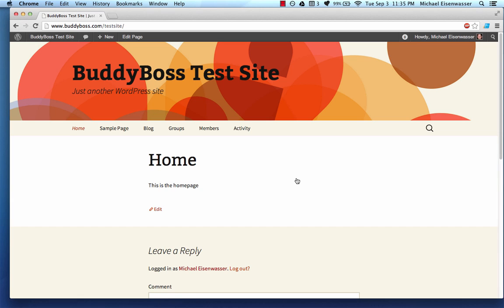Hey guys, this is Michael from BuddyBoss.com and in this tutorial I'm going to teach you how to install the BBPress plugin.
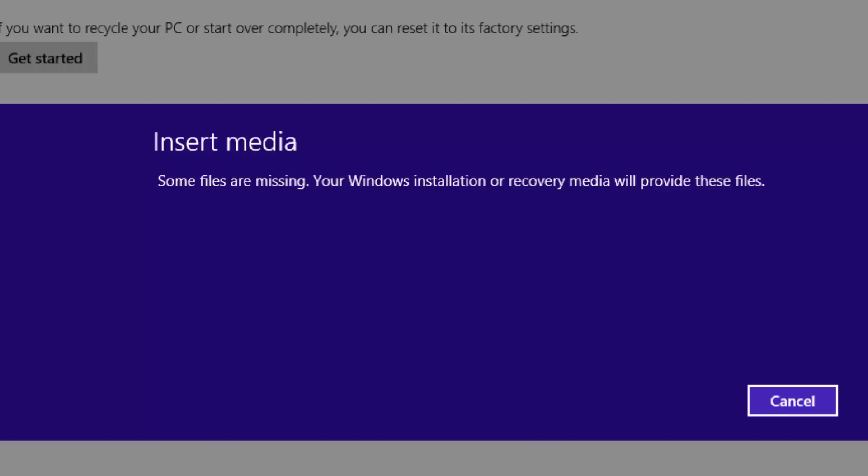We can see here Insert Media - some files are missing so Windows installation or recovery media will provide this. Once you insert the DVD drive or the USB drive where Windows 8 files are available, it will automatically start the refresh process and then reinstall or refresh Windows 8.1 files and then clear up any issues which you had with your Windows 8.1.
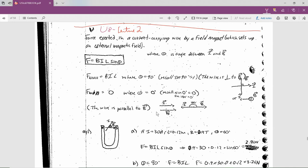Welcome everyone in grade 12 physics. We are looking at unit 8, lecture number 2, and it is in your booklet starting at around page 48.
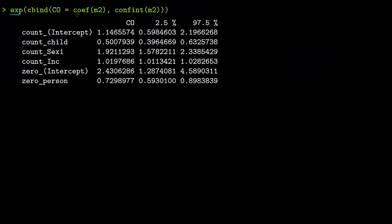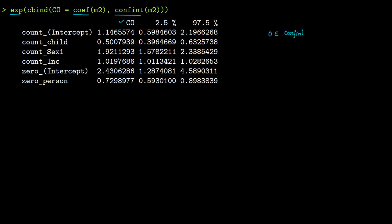Since the model is a log model, we take the exponential of the coefficients and confidence intervals. In standard regression, if zero is in the confidence interval the coefficient is not significant. Here, because we take the exponential, zero becomes one — so if one is contained in the confidence interval, the coefficient is not significant.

※

* **ASSIGNMENT**
What is needed is an exact copy of the lines from the start of the listing above through the line that holds "We can see here", with the pictures left out.

* **RESPONSE AREA**
Hey guys, this is Michael from BuddyBoss.com and in this tutorial I'm going to teach you how to install the BBPress plugin.
We can see here Insert Media - some files are missing so Windows installation or recovery media will provide this. Once you insert the DVD drive or the USB drive where Windows 8 files are available, it will automatically start the refresh process and then reinstall or refresh Windows 8.1 files and then clear up any issues which you had with your Windows 8.1.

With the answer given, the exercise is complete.